Estos óleos son bendecidos el Jueves Santo por los obispos y se utilizan para ungir a los que se bautizan, a los que se confirman y para la ordenación sacerdotal. El rito se celebra en todas las catedrales del mundo.

Benedicto XVI anunció que parte de los óleos bendecidos por él se enviarán a L'Aquila, la ciudad italiana afectada por el reciente terremoto que se ha cobrado ya 278 muertos y ha destruido casas e iglesias.

El Papa dijo que hoy el arzobispo de L'Aquila, Giuseppe Molinari, no pudo reunirse con sus fieles para celebrar esta Misa Crismal debido a los daños causados por el terremoto a la catedral, de ahí que le enviara los óleos.

Benedicto XVI se trasladará esta tarde a la basílica de San Juan de Letrán, la catedral de Roma, para celebrar la misa de la Ultima Cena, en la que tradicionalmente se les lavan los pies a doce presbíteros.

El Papa Ratzinger ha querido que el dinero que se recoja durante la misa se destine a la pequeña comunidad católica de Gaza, en Palestina.

Mañana, Viernes Santo, el Obispo de Roma bajará de nuevo a la basílica de San Pedro para presidir, por la tarde, la celebración de la Pasión del Señor y por la noche acudirá al Coliseo de Roma, en el centro de la Ciudad Eterna, para presidir el tradicional Vía Crucis.
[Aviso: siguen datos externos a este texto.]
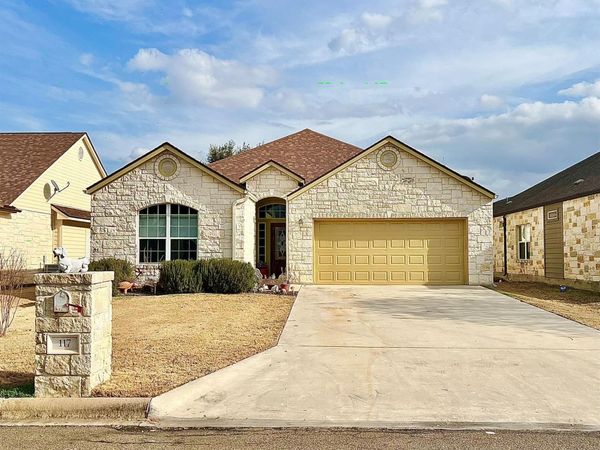 117 Pinehurst ST, Meadowlakes, TX 78654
En la noche del Sábado Santo celebrará en la basílica de San Pedro la Vigilia Pascual, la noche en la que la Iglesia permanece a la espera de la Resurrección del Señor, según la tradición cristiana.

El domingo presidirá en la plaza de San Pedro la Misa de Resurrección, tras la que pronunciará el tradicional Mensaje Pascual e impartirá la bendición "Urbi et Orbi", a la ciudad de Roma y a todo el mundo.